*DATA RECORDS*.
----
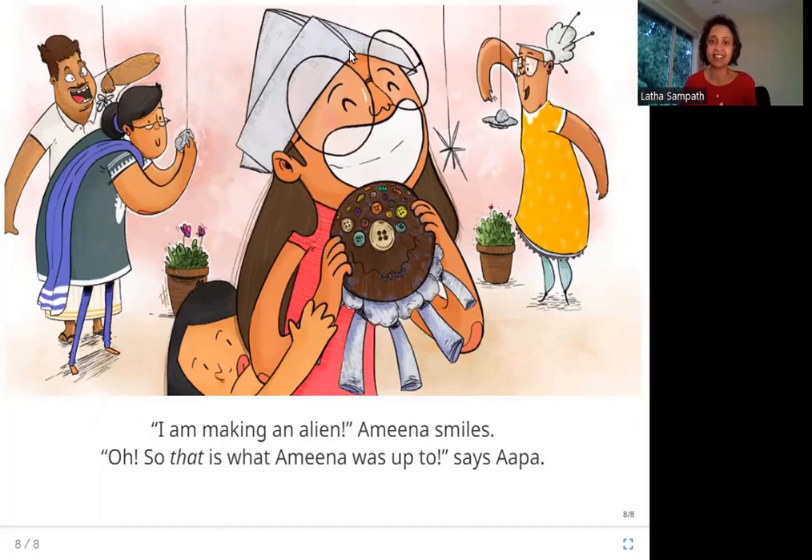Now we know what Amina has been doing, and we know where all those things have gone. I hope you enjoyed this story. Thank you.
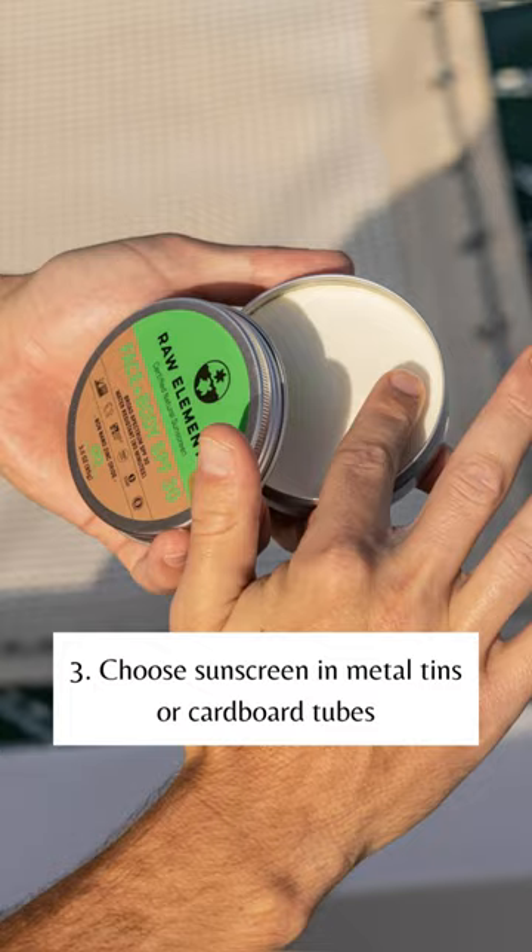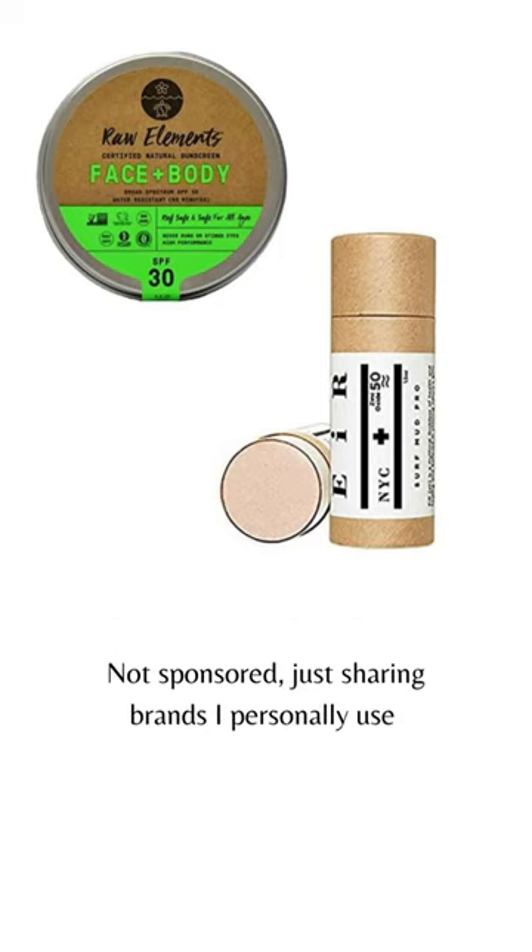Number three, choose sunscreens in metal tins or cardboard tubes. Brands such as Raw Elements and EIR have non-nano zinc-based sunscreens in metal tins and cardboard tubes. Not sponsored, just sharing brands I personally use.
----
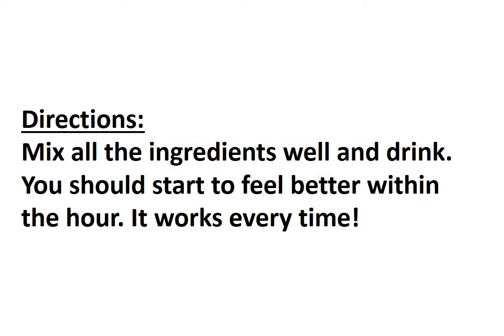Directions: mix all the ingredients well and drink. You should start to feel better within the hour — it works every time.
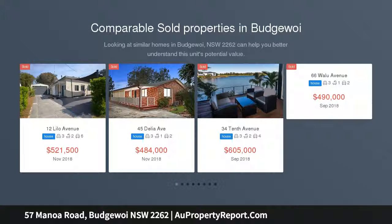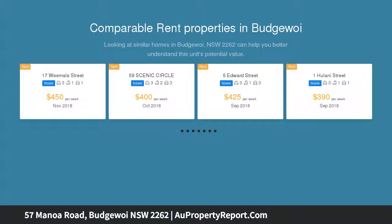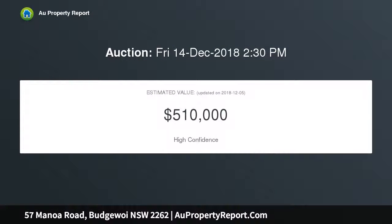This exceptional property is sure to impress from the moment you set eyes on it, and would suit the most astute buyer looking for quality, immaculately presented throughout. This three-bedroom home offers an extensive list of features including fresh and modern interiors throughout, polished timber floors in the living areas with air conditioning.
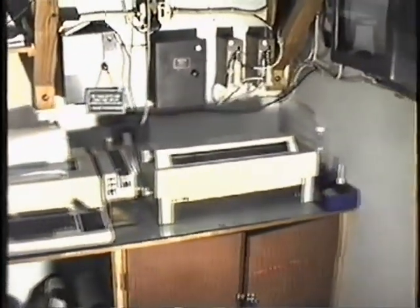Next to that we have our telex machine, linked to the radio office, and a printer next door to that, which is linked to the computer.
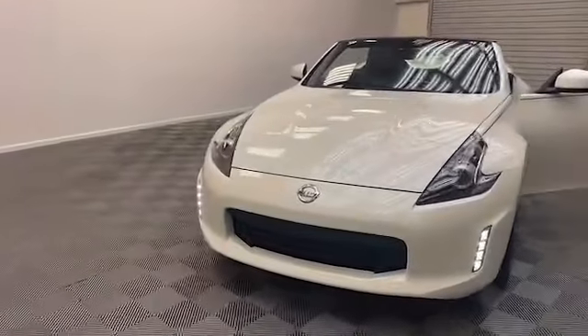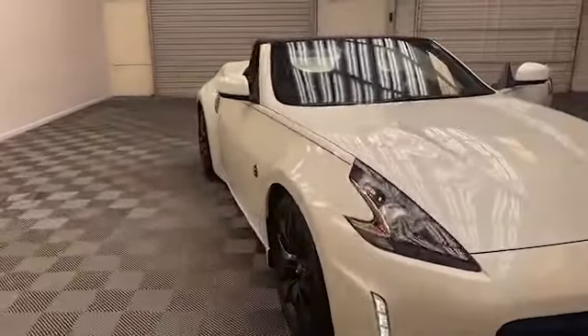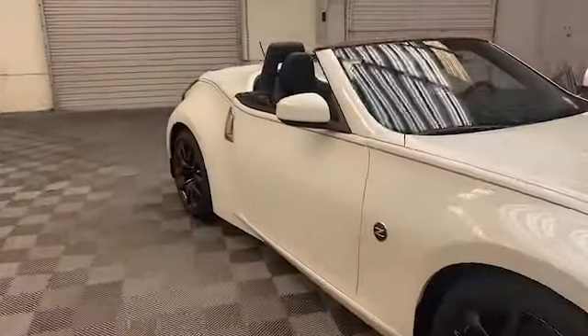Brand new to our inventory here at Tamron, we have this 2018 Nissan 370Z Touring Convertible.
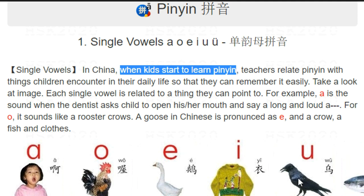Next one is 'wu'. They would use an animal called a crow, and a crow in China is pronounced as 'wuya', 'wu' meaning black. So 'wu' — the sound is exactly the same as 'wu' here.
----
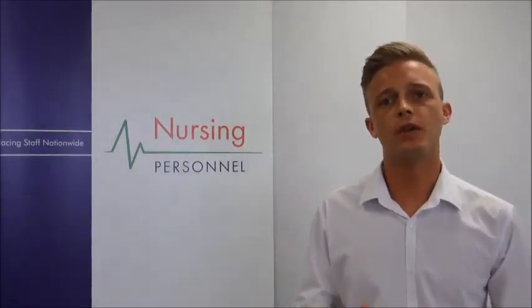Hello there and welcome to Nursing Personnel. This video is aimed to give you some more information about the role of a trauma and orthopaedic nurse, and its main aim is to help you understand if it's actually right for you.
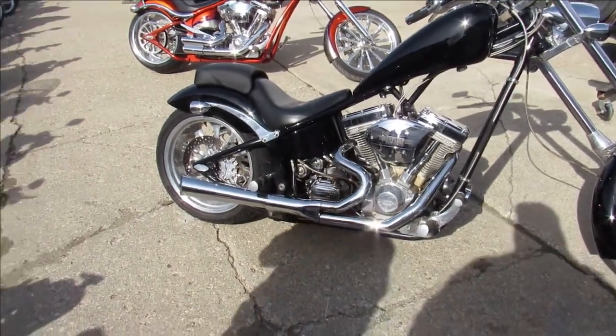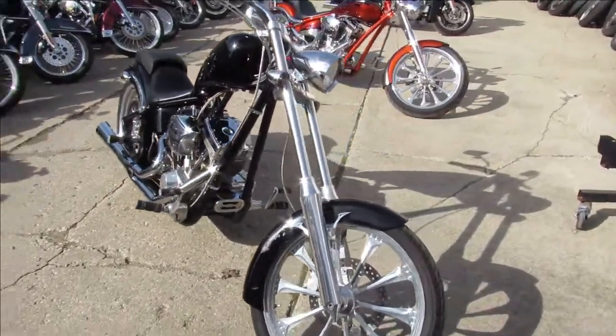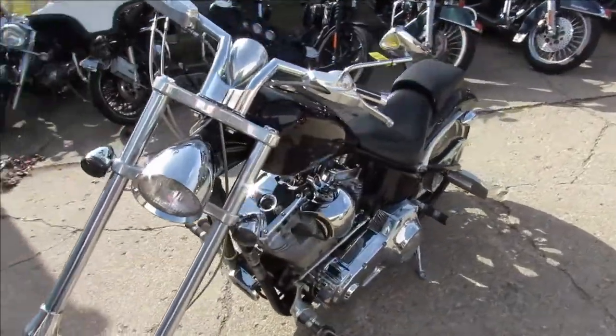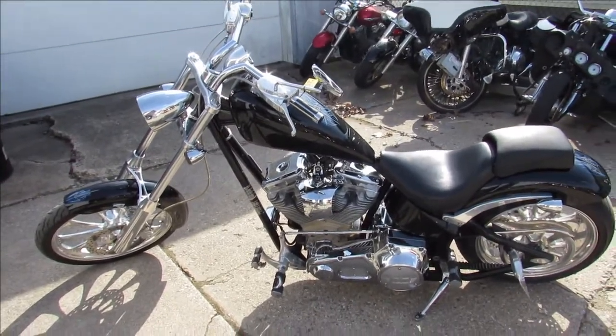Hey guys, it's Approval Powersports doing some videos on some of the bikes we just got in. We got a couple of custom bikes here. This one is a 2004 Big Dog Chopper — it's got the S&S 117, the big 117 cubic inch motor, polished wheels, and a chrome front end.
----
*EXERCISE GOAL*.
Starting at the line containing "Now we know" and stopping at the line containing "Number three, choose", output every line above exactly, both ends included, with pictures omitted.

*RESPONSE TO THE EXERCISE*.
Now we know what Amina has been doing, and we know where all those things have gone. I hope you enjoyed this story. Thank you.
Number three, choose sunscreens in metal tins or cardboard tubes. Brands such as Raw Elements and EIR have non-nano zinc-based sunscreens in metal tins and cardboard tubes. Not sponsored, just sharing brands I personally use.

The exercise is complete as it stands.